Task to carry out: An exact reproduction of the lines below, from the first through the one with "Сумка Prada Bonnie", is the whole answer; pictures have no place in it.

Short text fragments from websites
● ● ● ● ● ● ●

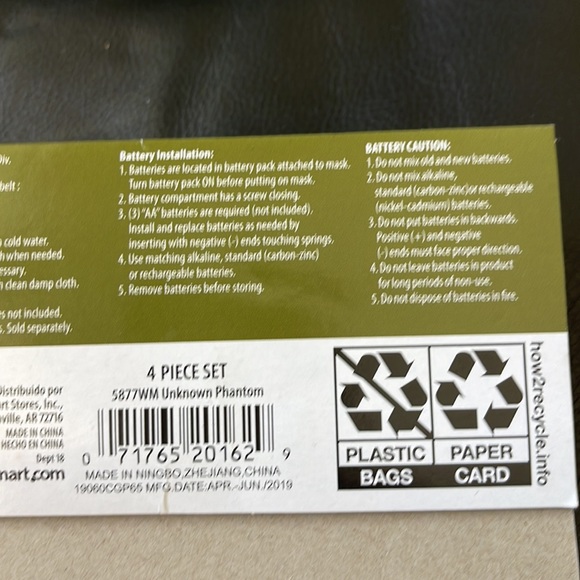 Halloween costume phantom with robe gloves hood light up glasses - Picture 3 of 12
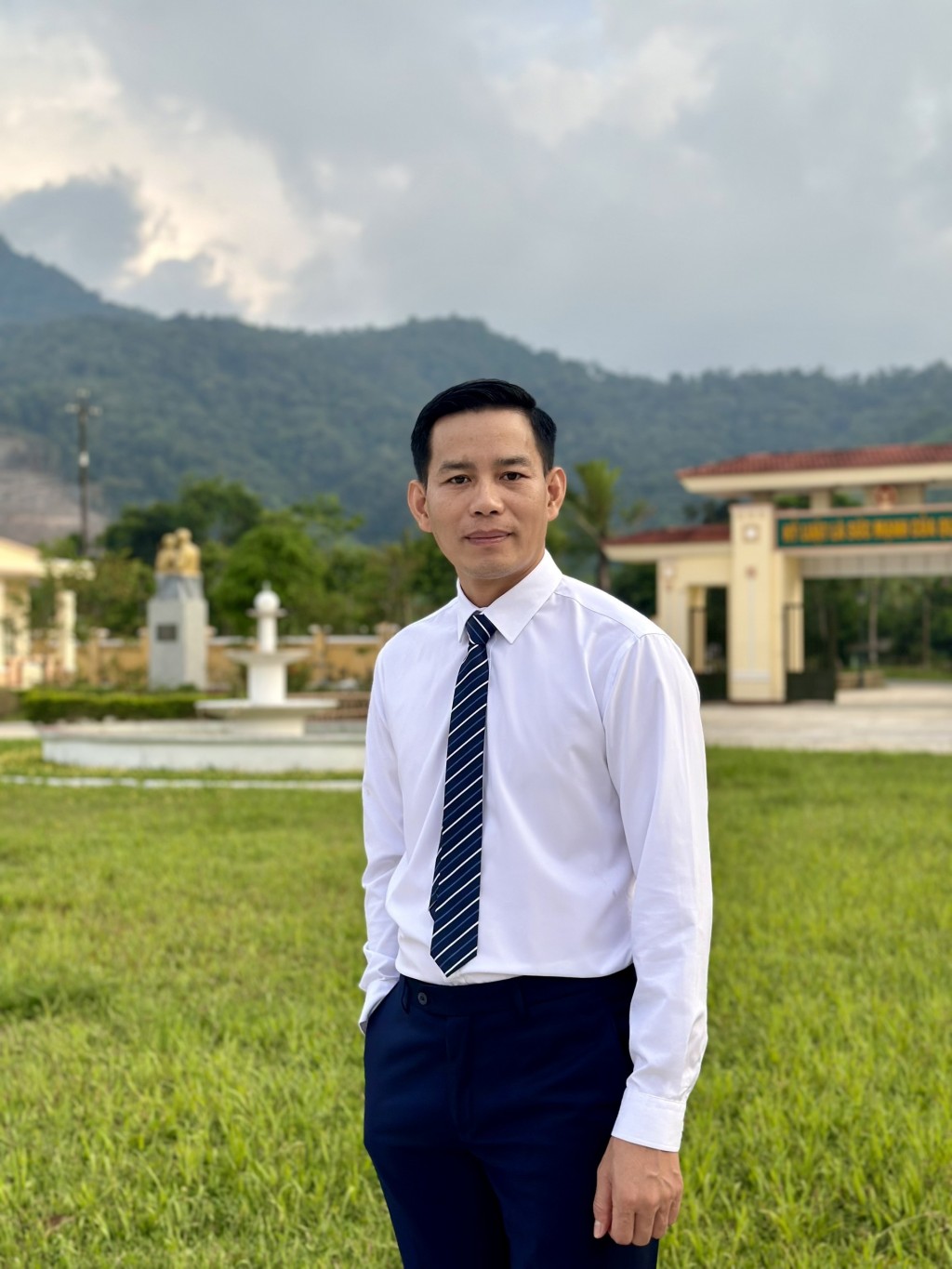 Nghệ sĩ Ưu tú Trần Tuấn Lin Nghệ sĩ Ưu tú Trần Tuấn Lin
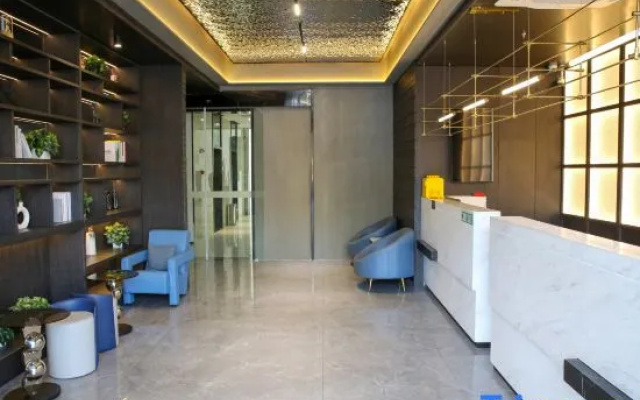 Yiju Life Hotel (Ningbo Dongbu Xincheng International Convention Center)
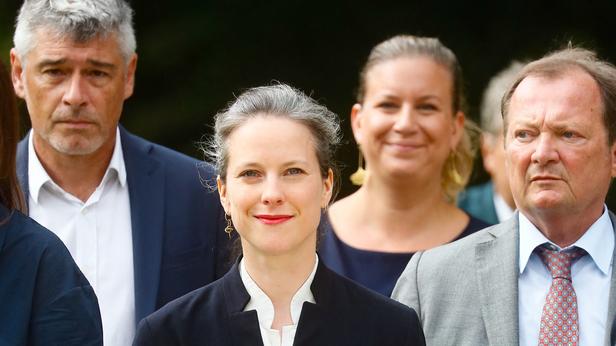 Lucie Castets y croit encore : elle fait une grande annonce !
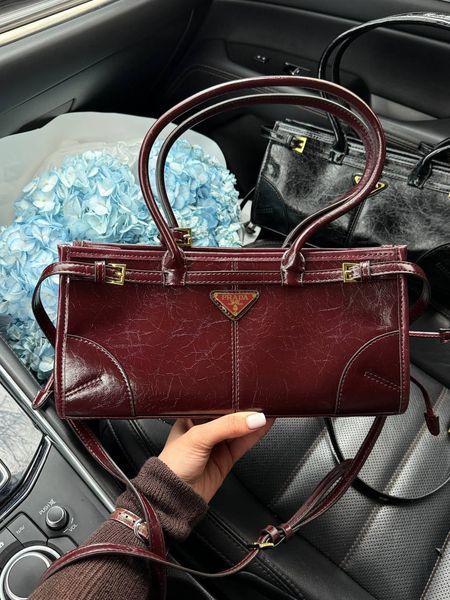 Сумка Prada Bonnie Medium Leather Handbag in Burgundy 00116 фото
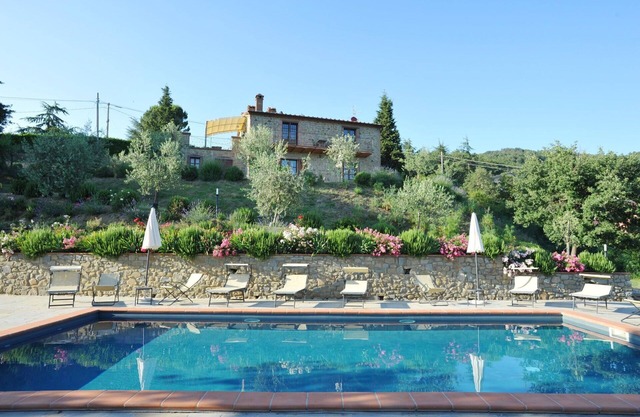 Preciosa casa de vacaciones privada con piscina privada, WIFI, A/C, TV, terraza, cerca de Cortona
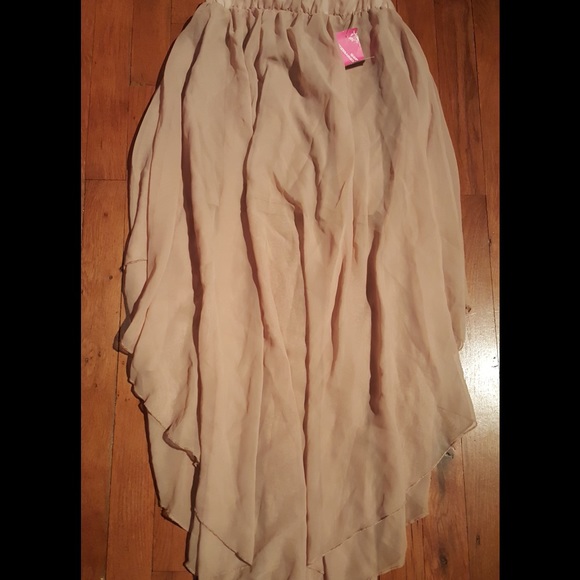 Necessary clothing beige nude asymmetrical skirt,S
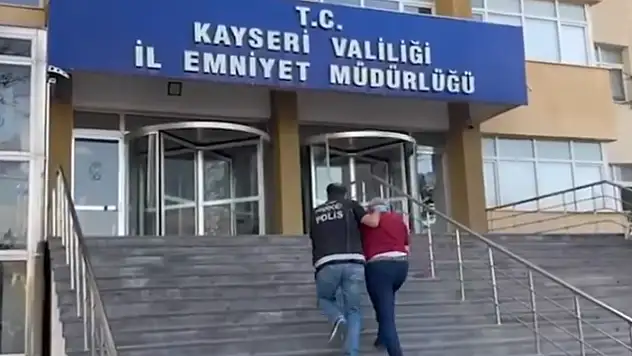 Kayseri'de sokak satıcılarına eş zamanlı baskın - 352 gram uyuşturucu ele geçirildi!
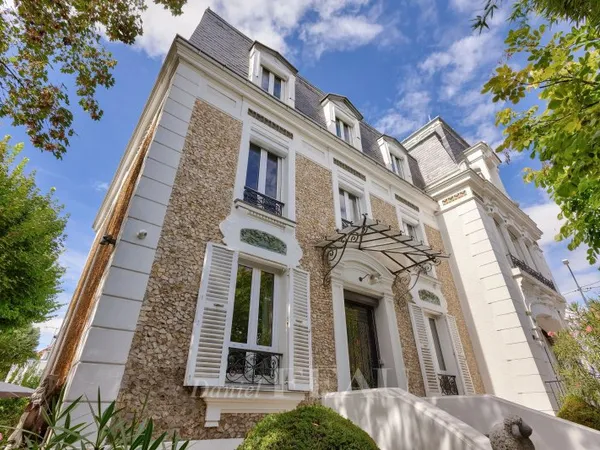94210 SAINT MAUR DES FOSSES - LA VARENNE MAISON DE MAÎTRE ET SA DEPENDANCE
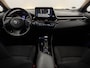 Toyota C-HR 1.8 Hybrid Style Clima, Camera, Navi, Keyless start, Cruise control, Stoelverwarming, Rijstrook correctie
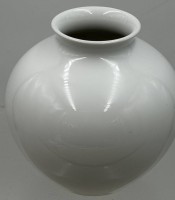 Auktion 373<br>bauchige weisse Vase "KPM" Berlin, H-14 cm, D-14 cm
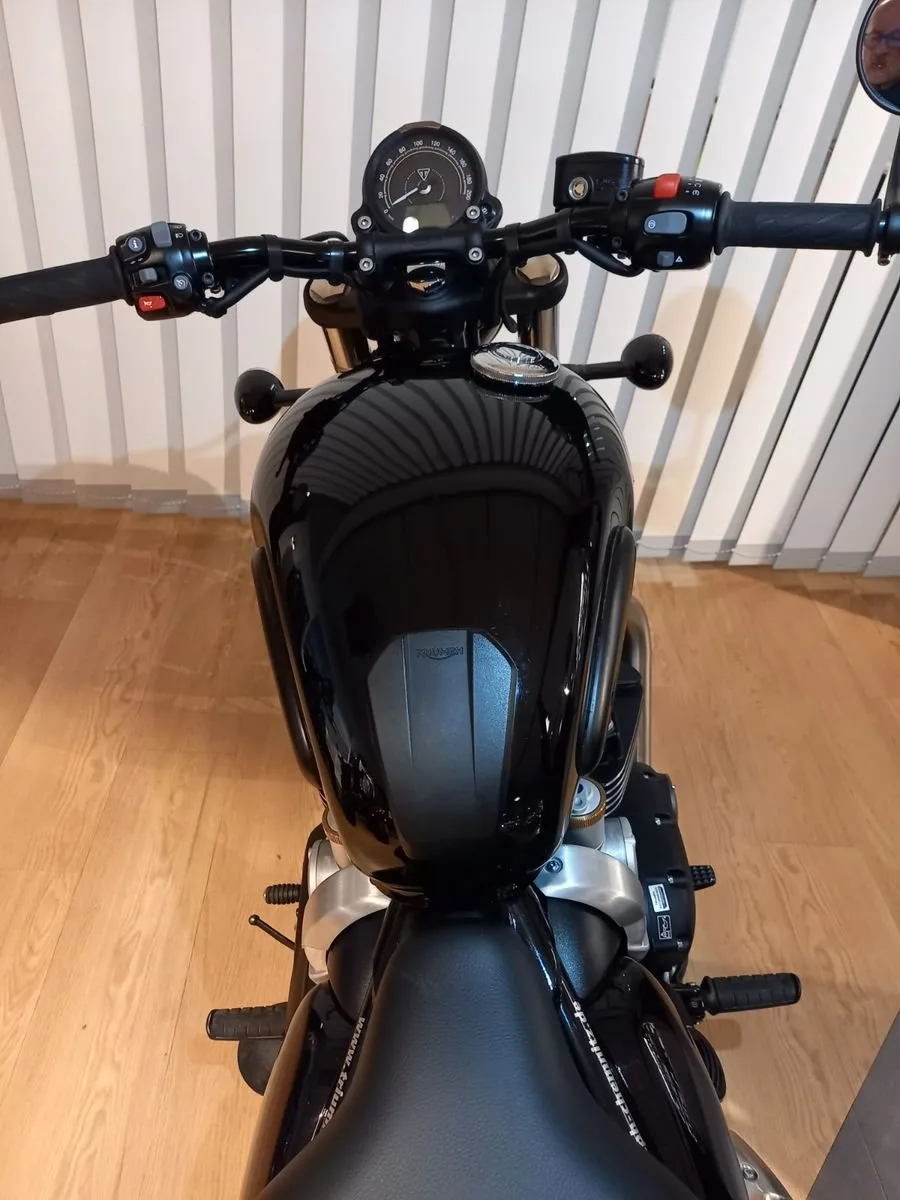 Triumph Bonneville Bobber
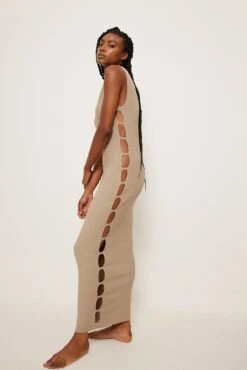 Robe Longue En Maille à Découpes 14 Robe Longue En Maille à Découpes -Lady Doux Soldes Magasin cut out detail knitted maxi dress 1787 000004 00056730 01c 1
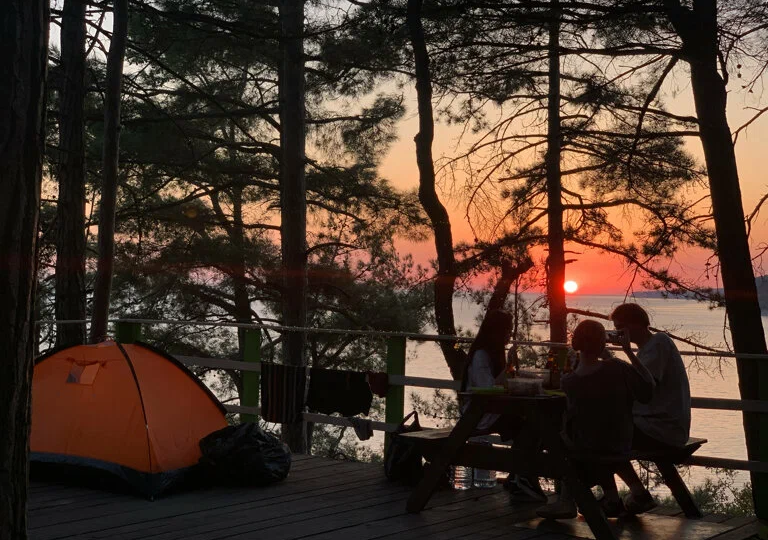 На море с палаткой: 7 лучших кемпингов Чёрного моря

● ● ● ● ● ● ●

Solution for this exercise:
 Halloween costume phantom with robe gloves hood light up glasses - Picture 3 of 12
 Nghệ sĩ Ưu tú Trần Tuấn Lin Nghệ sĩ Ưu tú Trần Tuấn Lin
 Yiju Life Hotel (Ningbo Dongbu Xincheng International Convention Center)
 Lucie Castets y croit encore : elle fait une grande annonce !
 Сумка Prada Bonnie Medium Leather Handbag in Burgundy 00116 фото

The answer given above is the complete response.